If you can do math, you’ve already noted that that 28-13 margin is the barest margin needed for a two-thirds majority, which is what was required for the state legislature to raise hotel taxes 0.88% to fund the stadium. So what did those swing voters get in exchange for their flip-flop?

The amendment to the bill passed by the Assembly expanded the Stadium Authority Board to nine members from seven, adding another representative from Clark County and one from UNLV. The amendment also defines the rent to be charged to the university to use the stadium to “actual operational or pass-through costs” excluding any fixed costs on game or event days. UNLV also gets three additional event days, for graduations or other events.

So basically, legislators’ price for approving $750 million (at least — more on that in a moment) in taxpayer subsidies for Raiders owner Mark Davis and casino magnate Sheldon Adelson was to give UNLV a marginally better lease and another seat on the stadium board. We’ll likely never know exactly what went on in negotiations — as soon as the assembly session reopened on Friday morning, the question was called and a vote was held with no public debate at all — but it was clearly some of the worst haggling ever: Michelle Spence-Jones, the Miami county commissioner who got more than $100 million in community development money in exchange for approving the Marlins‘ stadium subsidy in 2009, has to be laughing and laughing at her pathetic Nevada counterparts.

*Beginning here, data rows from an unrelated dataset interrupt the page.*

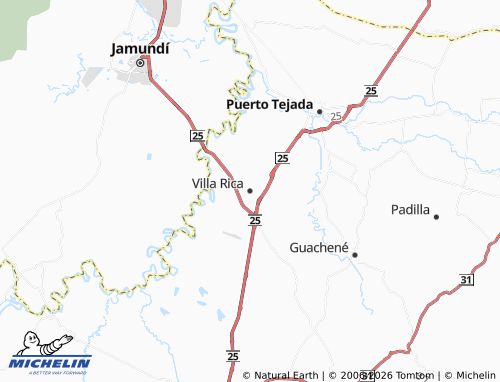 Mapa MICHELIN Villa Rica - ViaMichelin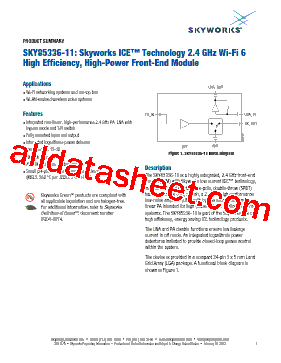 SKY85336-11型号图片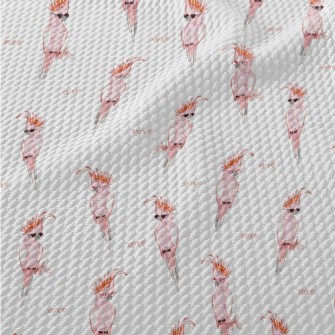 Trendy Pink Parrot Birdseye Piqué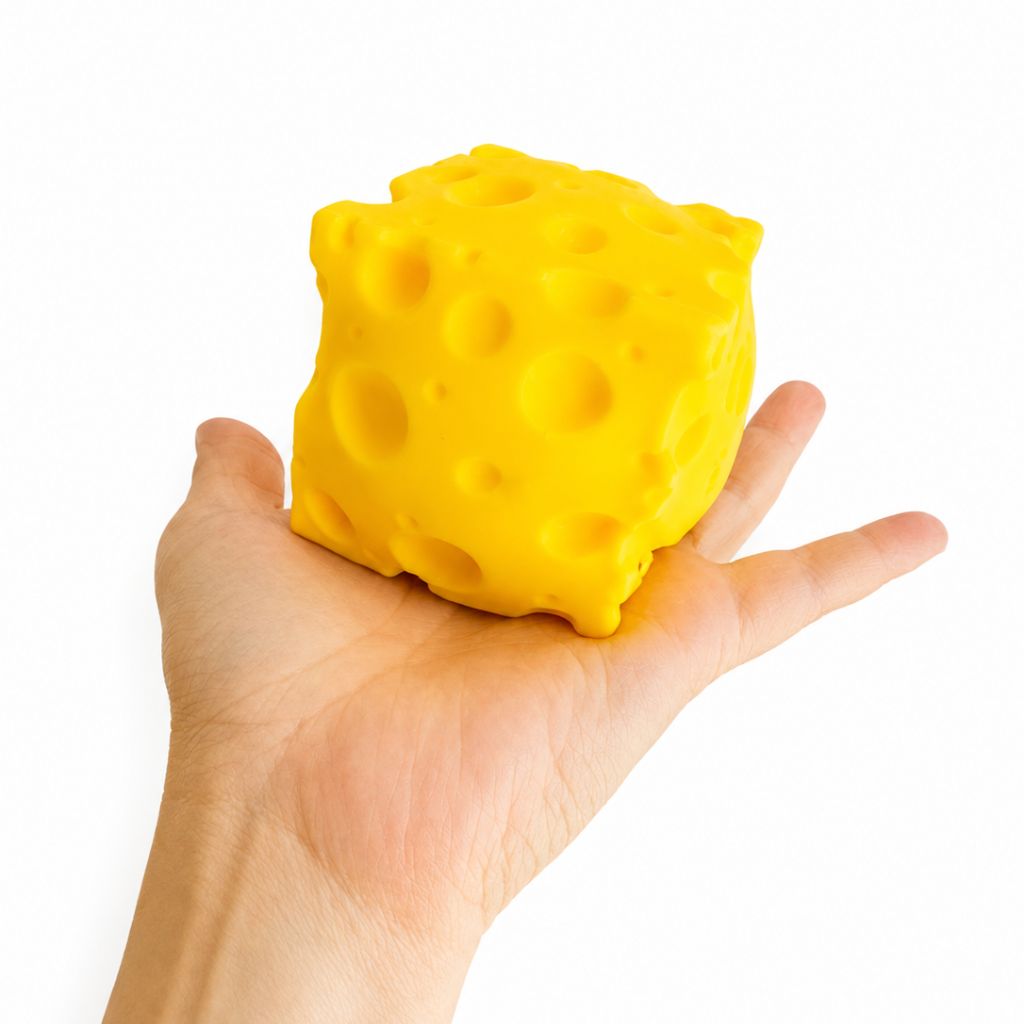 Cheese Squishy Toys in a hands palm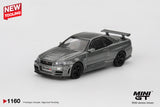 (Pre-Order) 1:64 Nissan Skyline GT-R  (NISMO BNR34 CRS) -- Dark Metal Gray -- Mini GT MGT01160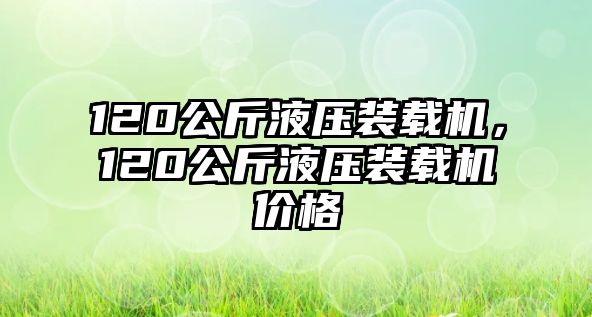 120公斤液壓裝載機，120公斤液壓裝載機價格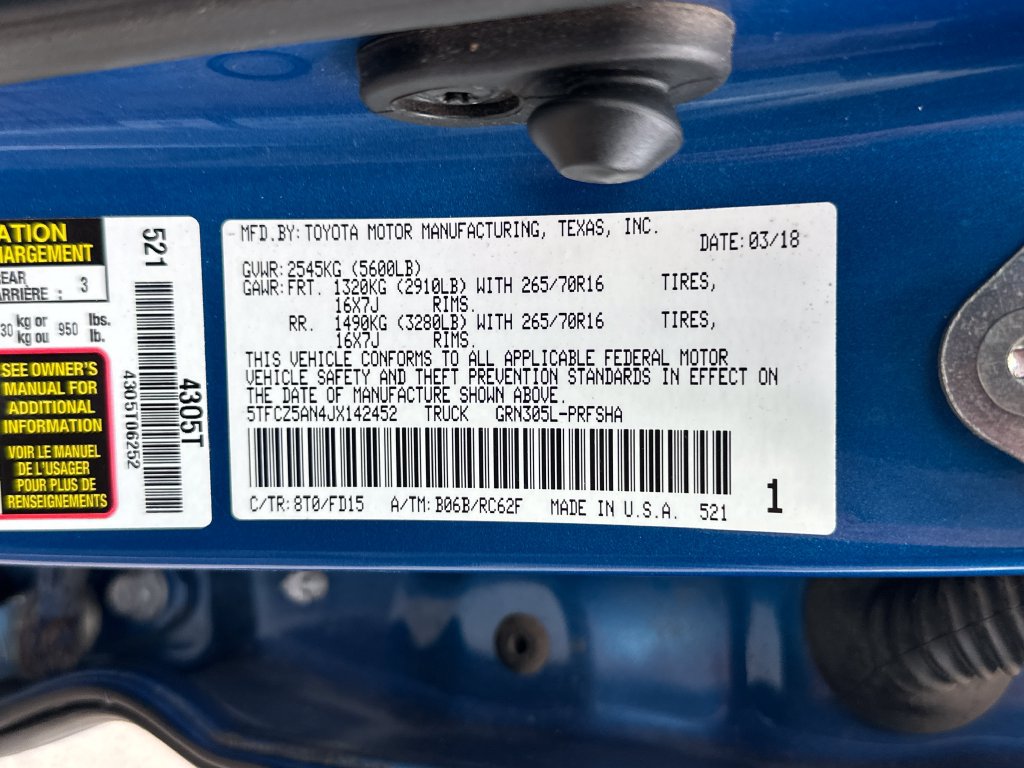 Used 2018 Toyota Tacoma TRD Off-Road AWD/4WD image 22
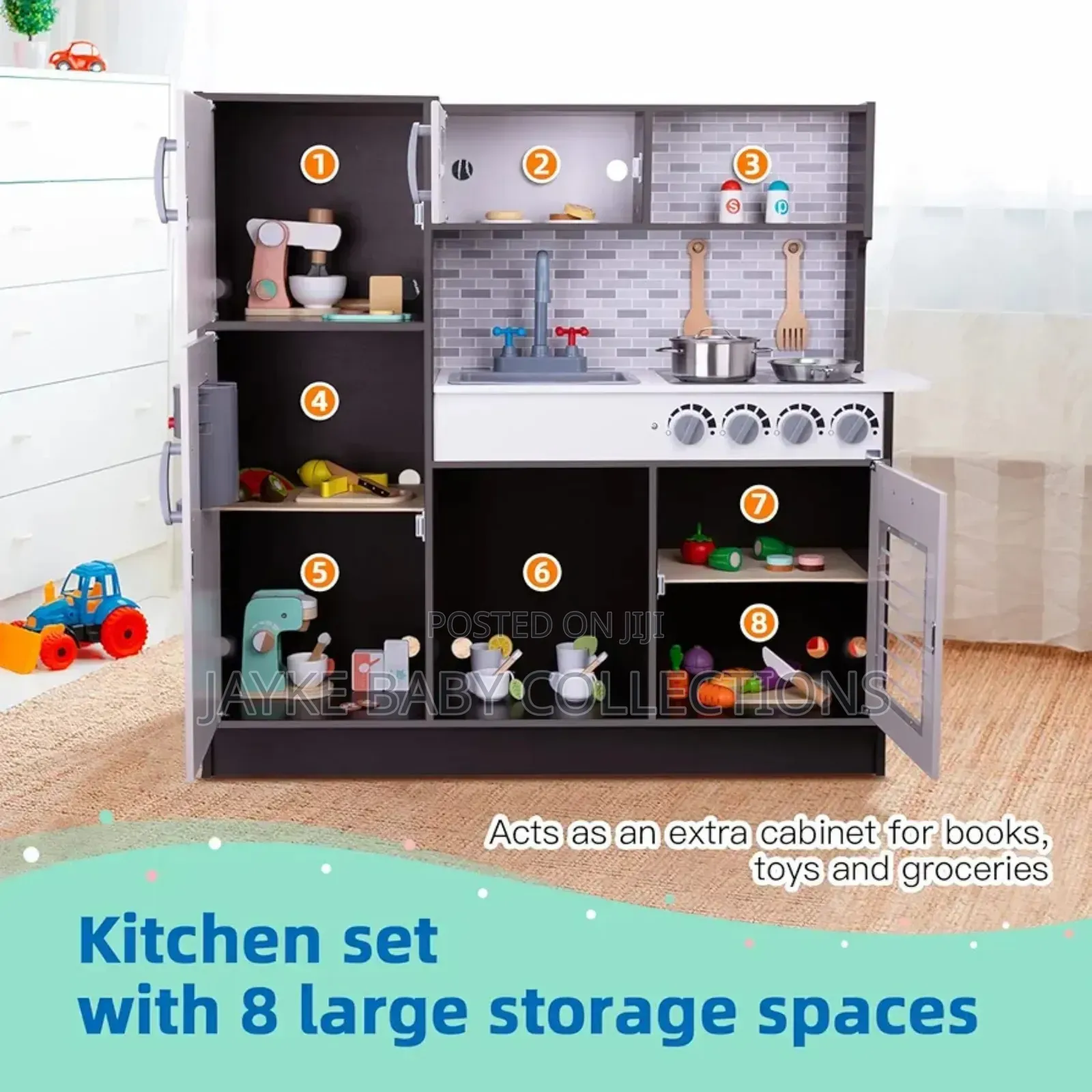 Bored at Home? Wooden Play Kitchen Set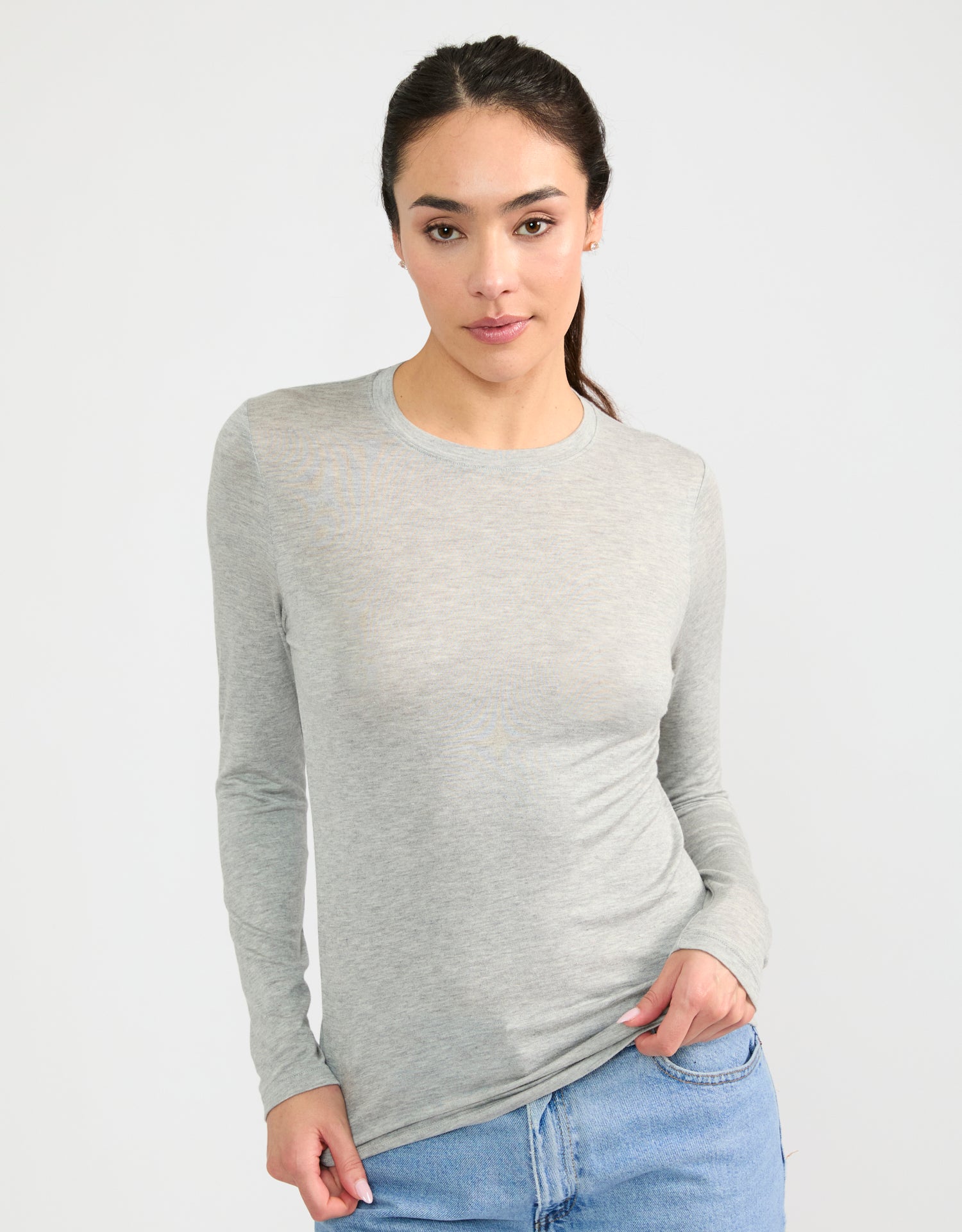 Chicago Long Sleeve Heather Grey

The deal was immediately savaged by both the 13 “no” voters (“What you saw today is why people are so cynical about government because the big power players got their way and the real losers are the Nevada taxpayers,” said Republican Ira Hansen; “This deal as presented, SB1, is structured in ways that all other sports subsidies have been structured and they just have not come out in the wash,” added his Democratic colleague Teresa Benitez-Thompson) and sports economists, who universally shook their heads in dismay that Nevada was even considering this level of subsidy. Stanford economist Roger Noll called it the worst deal he’s ever seen, noting that Adelson and Davis are projecting 33% of tickets going to tourists when no other NFL team even manages 10%: “The idea that the thing is going to pay for itself based on a huge inflow of tourists is crazy.” And Smith College economist Andy Zimbalist, who I’ve criticized in the past for changing his opinions depending on who’s paying his fees but who at least knows how math works, gave a cogent explanation of why increased taxes on hotel visitors count as public money:

“The first thing that could happen is because hotel prices go up, individuals and businesses will decided it’s priced itself out of the market and they’ll do their conventions or meetings somewhere else,” he said. “In that case, you actually reduce tourism.”

“The other possibility is tourists don’t care,” Zimbalist continued. “If they’re going to pay $200, they’ll also pay $205 or $210 a night and they’ll come anyway. If that’s true, then you can raise your hotel taxes and raise revenue either to provide additional social services – put it into the schools, put it into the roads, put it into the police – or you could use it to lower taxes. Either way, the hotel tax is a real tax and it taxes people in Las Vegas.”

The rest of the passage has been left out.